Tt: Wir haben auf der letzten WM-Eröffnungsparty in München gespielt. Es klingt schon toll, wenn tausende Menschen wie aus einer Kehle etwas singen. Das kommt dem sehr nahe, was wir mit unserer Musik machen. Wir haben schon oft mit fast einhundertköpfigen Chören Konzerte gespielt. Das Rad wird dann nicht neu erfunden, aber die Kraft aus so vielen Kehlen ist schon beeindruckend.
SJ: Schön ist, dass man in jedem Land andere Musik im Stadion hört. In Brasilien zum Beispiel trommeln sie auf riesigen Baterias, in England singen sie ganze Popsongs.

RUND: Zu jedem großen Fußballturnier gehört inzwischen auch ein Song. Nelly Furtado sang bei der EM in Portugal, Herbert Grönemeyer für die WM in Deutschland. Nennen Sie Ihren Lieblingsfußballsong!

RJ: Da gibt es tatsächlich keinen.
Tt: Also, ich fand Anastacias „Boom“ immer großartig! Den Song zur WM in Japan und Südkorea. Der war toll!
RUND: Ernsthaft?
Tt: Nein.
SJ: Es gibt kaum gute Fußballsongs.
RJ: Bis jetzt! Unserer wird der erste großartige Fußballsong!
SJ: Ja, wir haben gerade einen Fußballsong geschrieben, den wir demnächst aufnehmen werden. Er klingt ein bisschen brasilianisch, und wir singen die ganze Zeit nur die Namen von alten Fußballstars.
RUND: Die Namen all der Fußballstars, die Sie in Finnland hatten?
(Stille)
RUND: Was halten Sie von Musikern, die sich selbst zu ernst nehmen?
(Stille)
RUND: Sie scheinen ja Menschen zu sein, die auch über sich lachen können.
ALLE Nein!
VV: Wir hassen Interviews, unseren Job und Fußballmagazine.
Tt: Und Musik. Wir wurden vom finnischen Arbeitsamt engagiert.
Noch mal zurück zu Finnlands Nationalmannschaft …
Tt: Sie werden sich wundern, wir Finnen essen momentan auf Staatsanordnung viel Pudding. Bald sind wir schneller als alle anderen!
RJ: Deutschland spielt doch auch scheiße! Ihr hattet Heimvorteil bei der WM und wurdet trotzdem nur Dritter!
SJ: Und euer Formel-1-Held ist doch auch schon abgetreten! Wir haben Kimi Räikkönen! Der fährt! Bis zum bitteren Ende.

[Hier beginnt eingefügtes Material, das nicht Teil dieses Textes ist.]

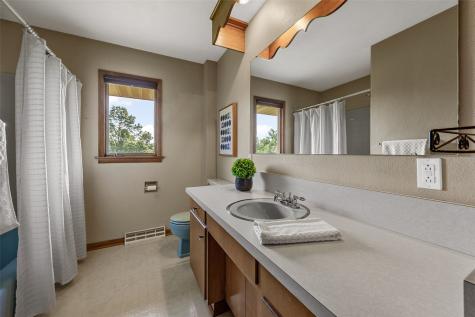 20 N 1st Avenue Iowa City IA 52245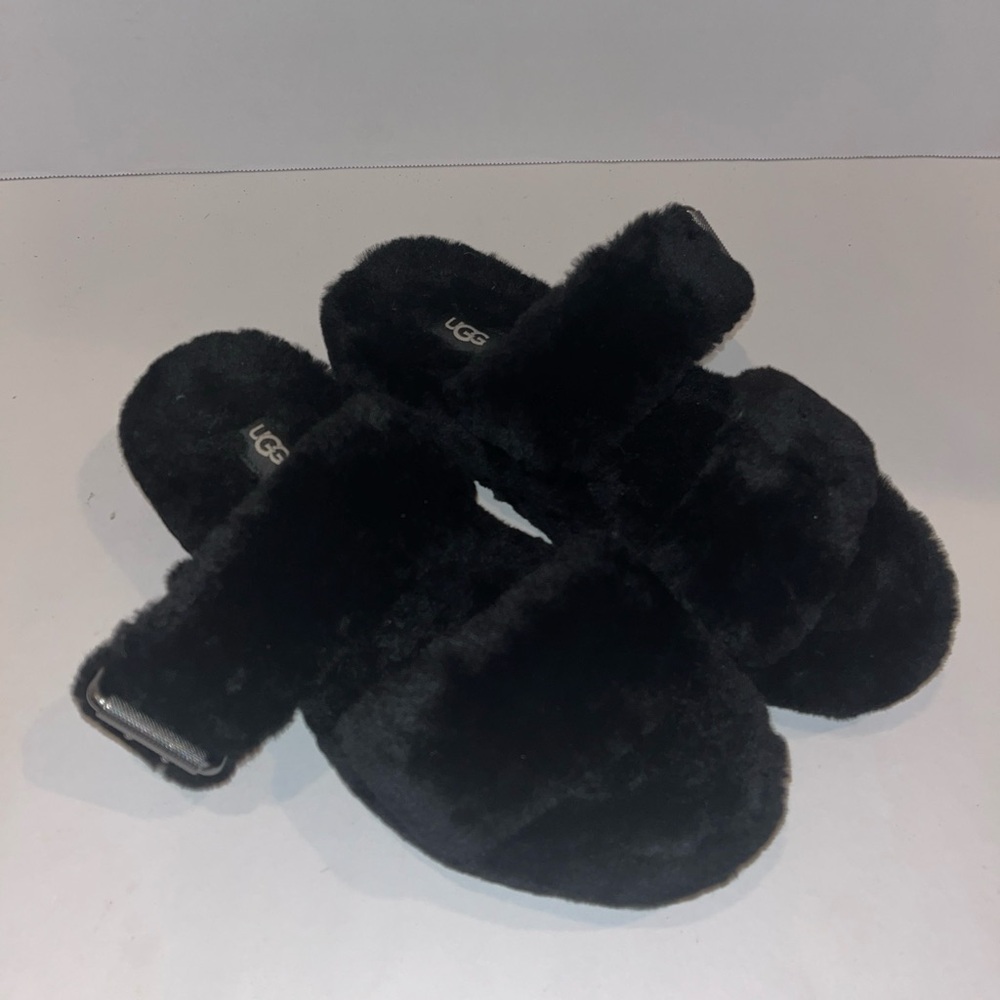 UGG Australia Fuzz Yeah Furry Black Sheepskin Slip Sandals Shoes‎ US 8 Like new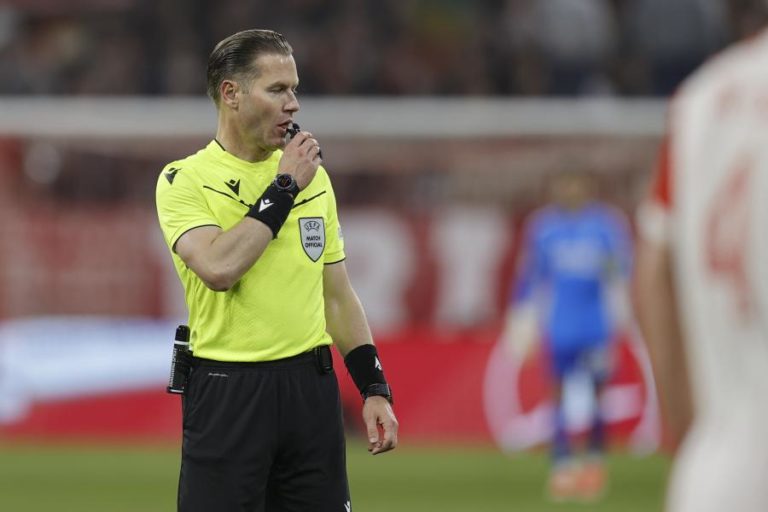 LC: Neerlandês Danny Makkelie arbitra Nápoles-Sporting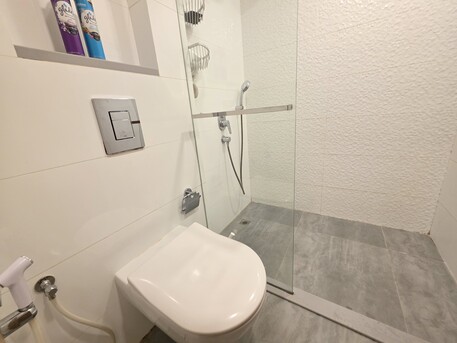 Juffair, Apartments, Flats, Houses & Villas, BHD 220/month,  Furnished,  Breath Taking | Ultra-Modern | Wifi | | Balcony | Near Alosra Supermarket Juffair
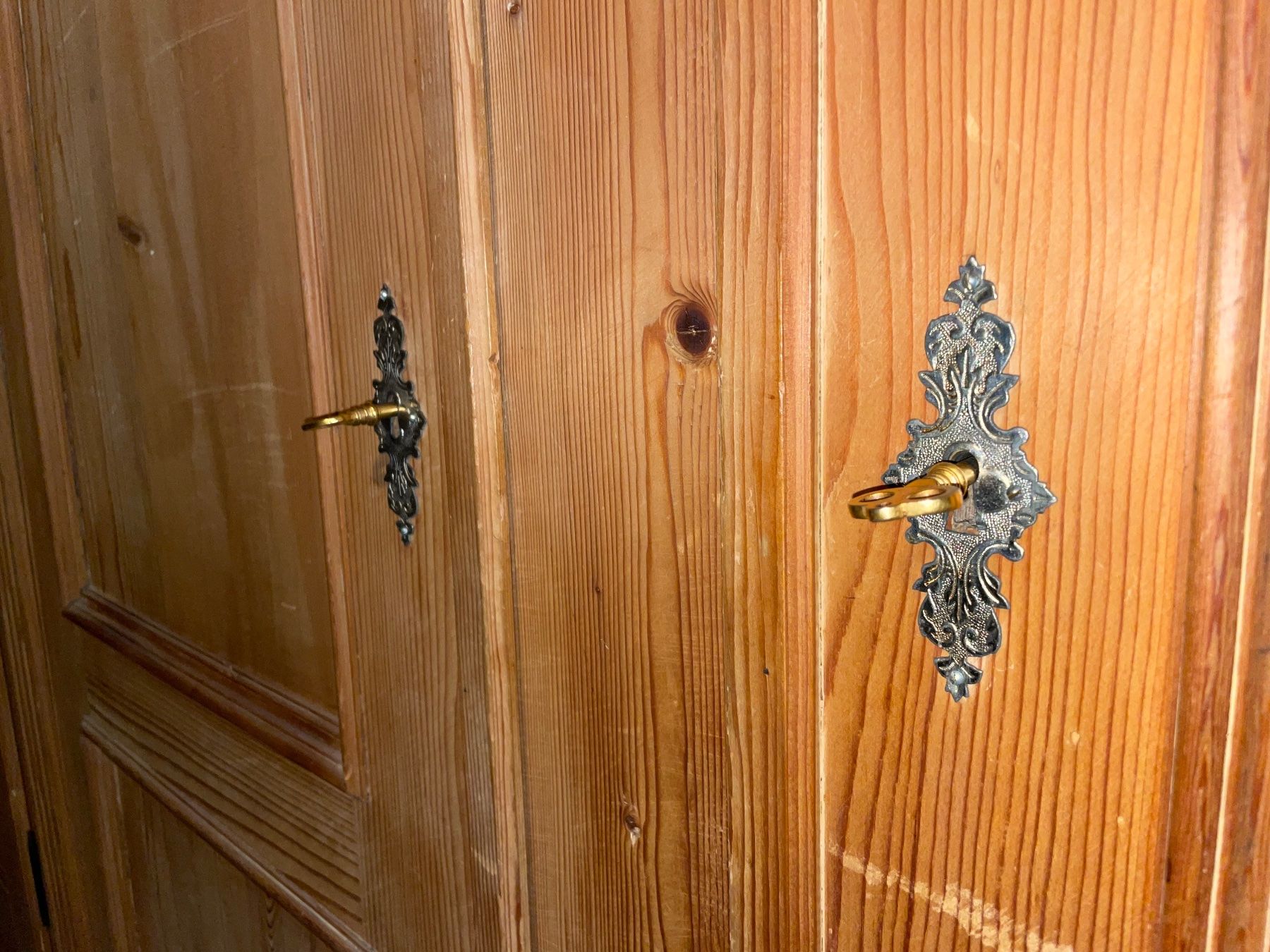 Schränke: antiker Biedermeier Bauernschrank – Gebraucht aus Ebmatingen von glip 2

RUND: Ganz mutige Zeitgenossen vergleichen Rock’n’Roll und Heavy Metal mit dem Fußball: treu, irgendwie immer noch bodenständig, immer da. Was sagen Sie als Berufsrocker und Amateur- beziehungsweise Passivsportler dazu?
RJ: Dagegen kann ich nichts sagen. Ist das Interview jetzt vorbei?
Tt: Ich stimme dem nicht zu! Fußball ist eine grundsätzlich traditionelle Angelegenheit. Diese Klubs, die wir lieben, sind zum Teil über 100 Jahre alt. Bands und Künstler hingegen kommen und gehen im Musikgeschäft immer schneller. Mal abgesehen von uns.
RJ: Stimmt. Das Musikbusiness ist viel schnelllebiger. Egal, was man macht, welche Platten man aufnimmt, wie lange man auf Tour geht, ob man Erfolg hat oder nicht: Der Verein, den man liebt, ist immer da, wenn man zurückkommt.

The Leningrad Cowboys
Der Durchbruch einer der größten Musikexporte Finnlands war ein Film. „Leningrad Cowboys Go America“ ist ein Roadmovie mit den Leningrad Cowboys in der Hauptrolle. 1989 ebnete er den Weg für die bis heute andauernde Karriere einer Band, deren Markenzeichen riesige, nach vorn gestylte Haarprachten sowie lange, spitz zulaufende Schuhe sind. Musikalisch pflegt die auf der Bühne meist zehnköpfige Gruppe einen Stil aus Polka, Punk und Rock. Zu den Karrierehöhepunkten der Leningrad Cowboys gehörte ein Auftritt beim dänischen Roskilde-Festival 1997, den die Finnen zusammen mit einem rund 80-köpfigen Chor der Roten Armee spielten. Momentan arbeitet die selbst ernannte „schlechteste Rockband der Welt“ an einem neuen Album sowie den Vorbereitungen zu einem Filmdreh in Kubas Hauptstadt Havanna.